By Claire West
A new small claims track has today (Monday) been introduced to the Patents County Court (PCC), which will speed up the court process and make it cheaper and easier, particularly for small and medium sized businesses, to protect their intellectual property (IP) rights.
The small claims track will provide copyright, trade mark and unregistered design holders the option of pursuing basic IP disputes through an informal hearing, without legal representation.
This is expected to reduce significantly the cost of pursuing IP infringement cases. Claims allocated to the small claims track will be subject to cost restrictions of £5,000 or less to ensure they are proportionate to what is at stake.
Welcoming the announcement, Business Minister Michael Fallon said:
“Small firms, whose intellectual property has been infringed, will have today a simpler and easier way to take their cases forward, by writing direct to the judge and setting out the issues.
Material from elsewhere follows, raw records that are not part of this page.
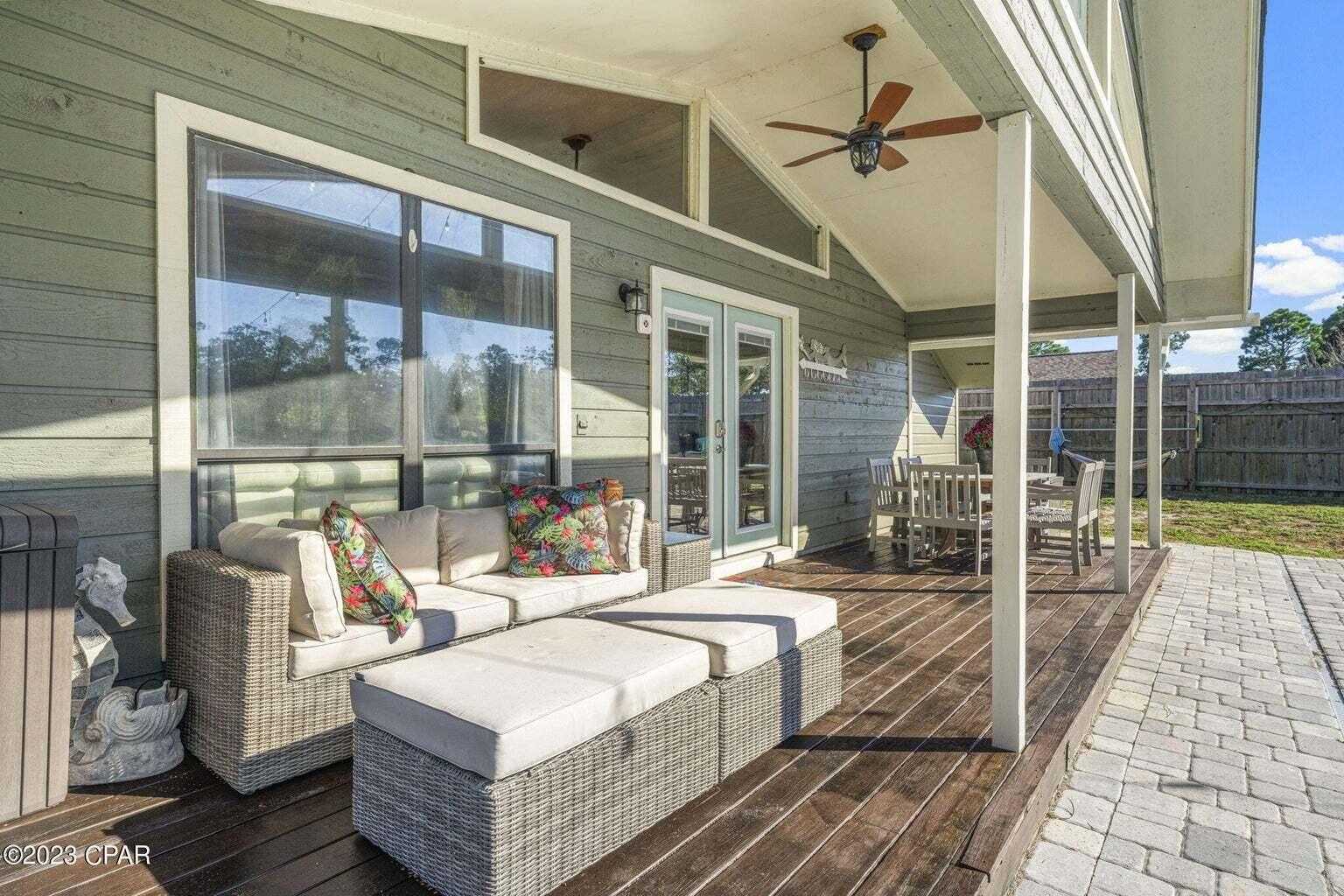 COLONY CLUB HARBOUR PH 2 - Residential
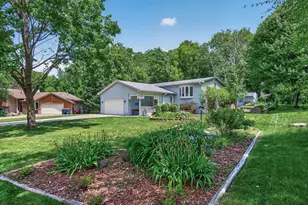 17130 Hemlock Ct, Lakeville, MN 55044 - Photo 6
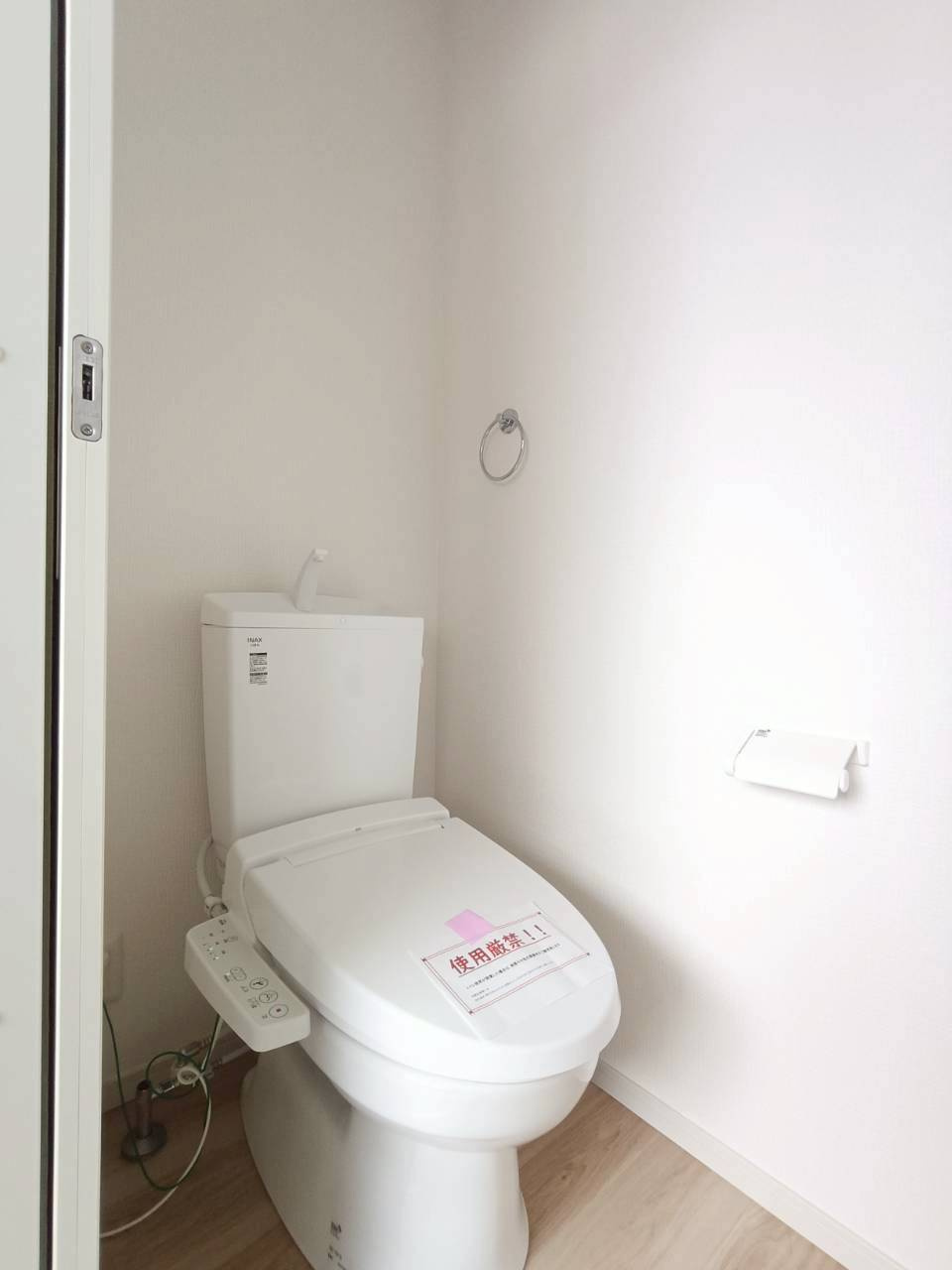 三郷市　後谷　新築戸建　全1棟のトイレ|シンプルで清潔感あふれるトイレ。毎日使う場所だからこそ快適さにこだわりました。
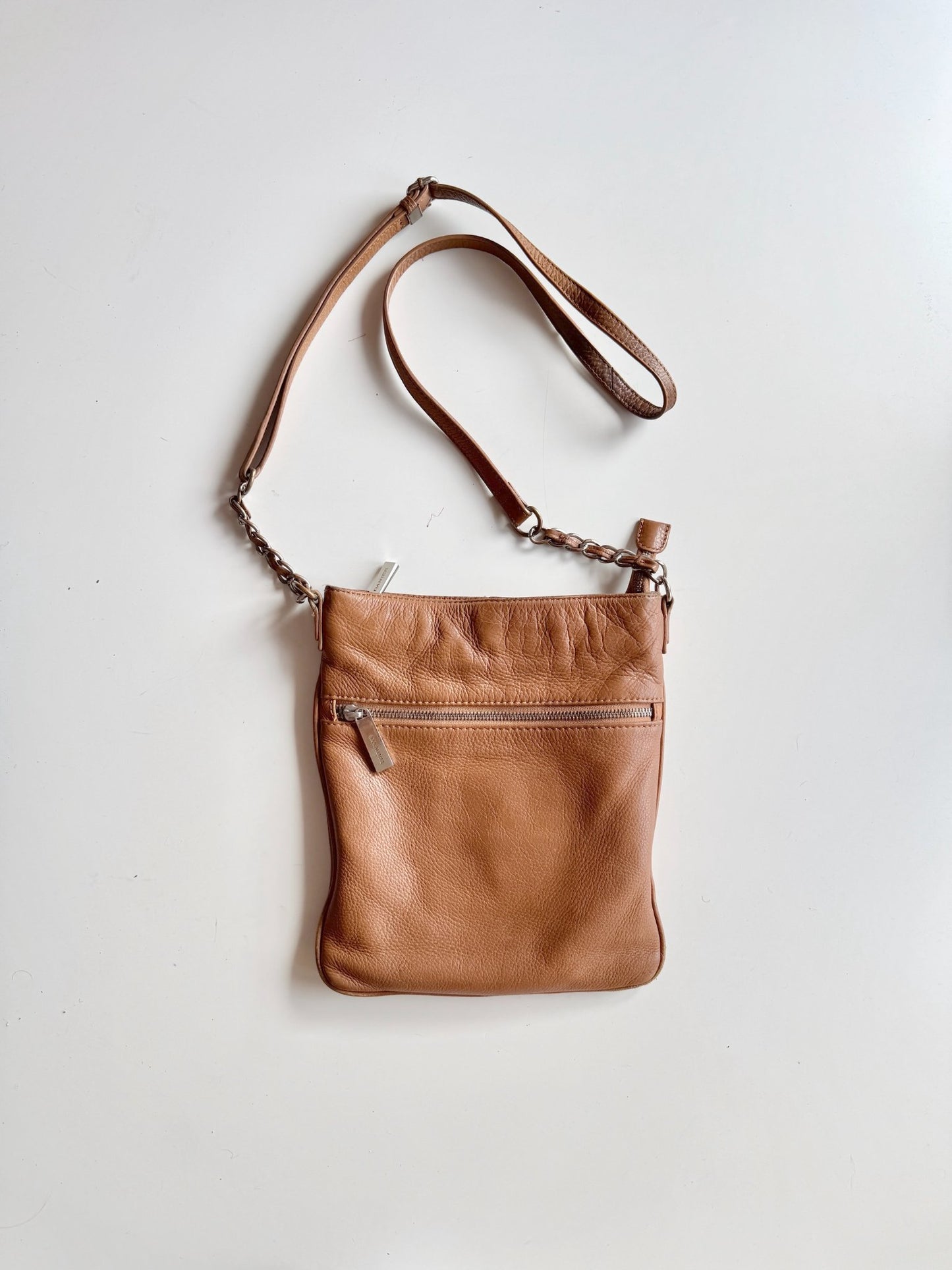 665f5e7d04f32b049949ecdf_danier-purse-1-copy_1773665968607.jpg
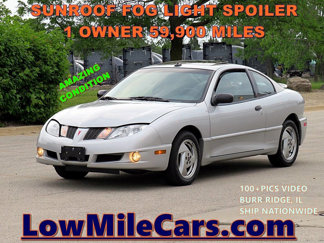 Used 2004 Pontiac Sunfire Coupe w/ 1SC Preferred Equipment Group image 1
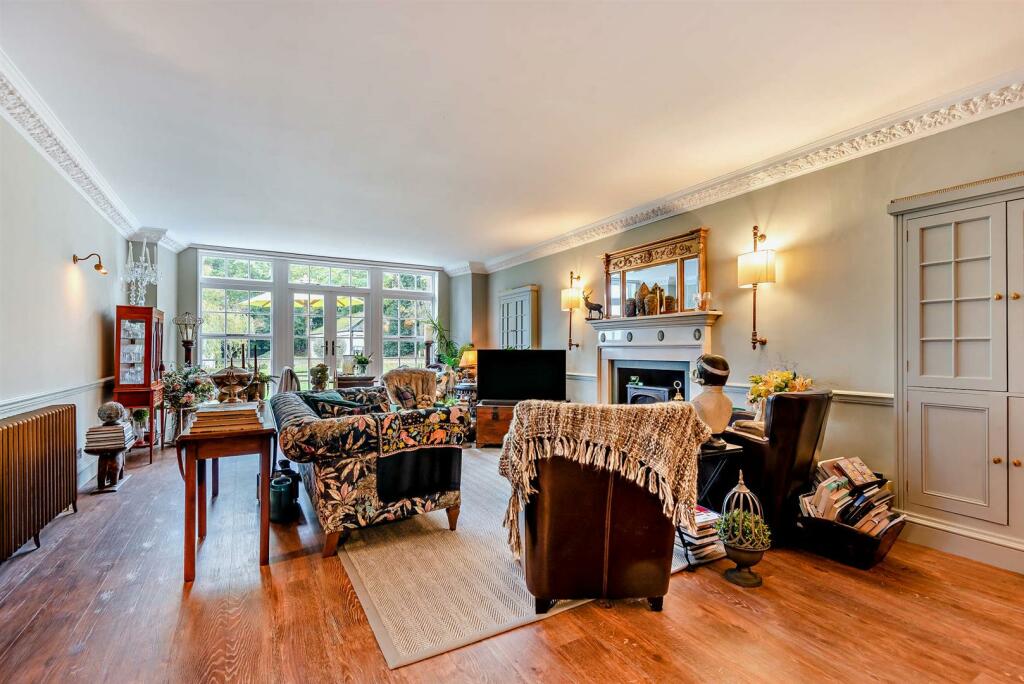8625116-interior18-800.jpg
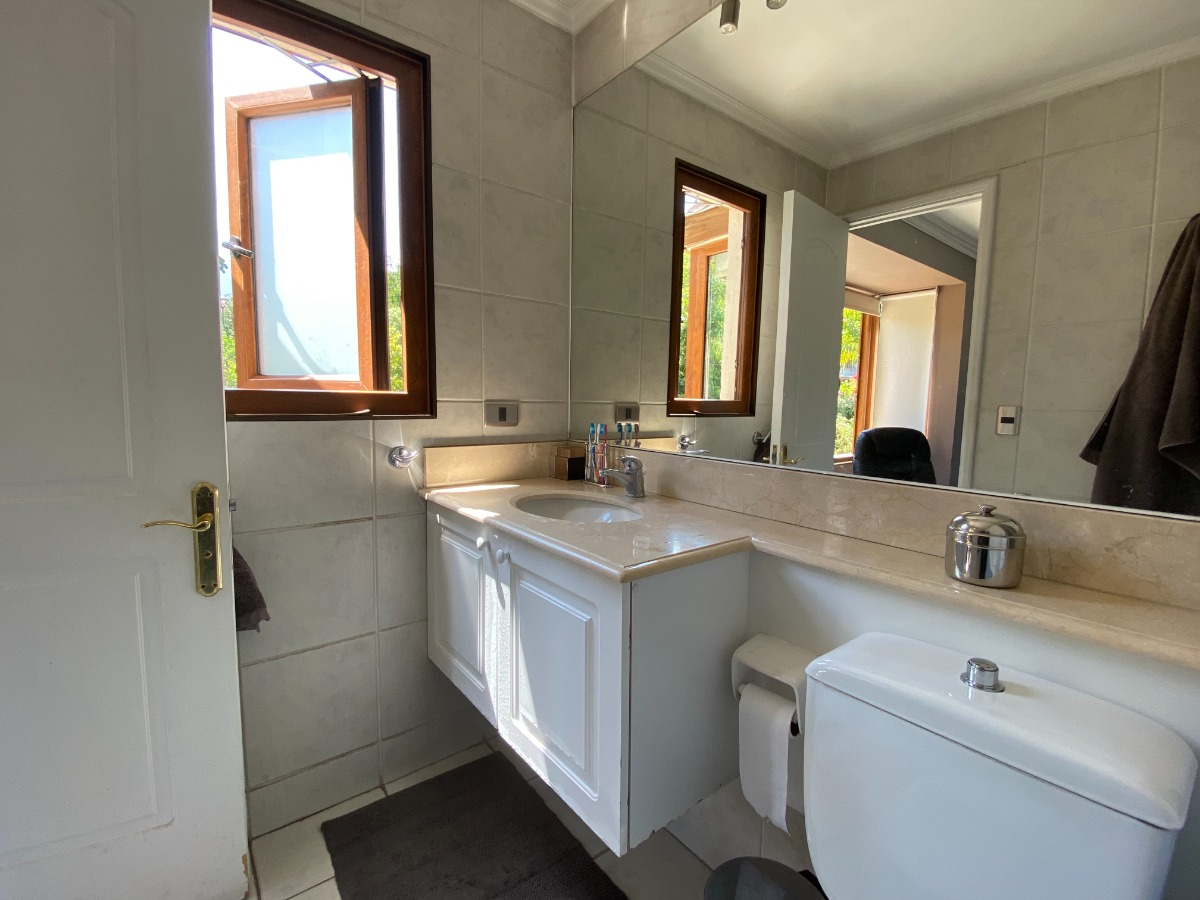 Venta Casa NO 3D en suite Walk-in cl&oacute;set 3B 2E 1B El Huinganal - Lo Barnechea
“Lower legal costs will make it easier for entrepreneurs to protect their creative ideas where they had previously struggled to access justice in what could often be an expensive progress. A smarter and cheaper process is good for business and helping businesses make the most of their intellectual property is good for the economy.”
The introduction of the PCC small claims track is the latest addition to a catalogue of important reforms that the Government has driven through to simplify and streamline court procedures. Changes already introduced include a cap on damages and a limit on legal costs. Both measures have reduced the cost and complexity of legal action for businesses.
In addition to today’s changes, the Intellectual Property Office (IPO) provides numerous alternatives to court action for resolving IP disputes, including hearings before an IPO tribunal, or using the IPO’s mediation services. It recommends that legal action is only taken as a last resort.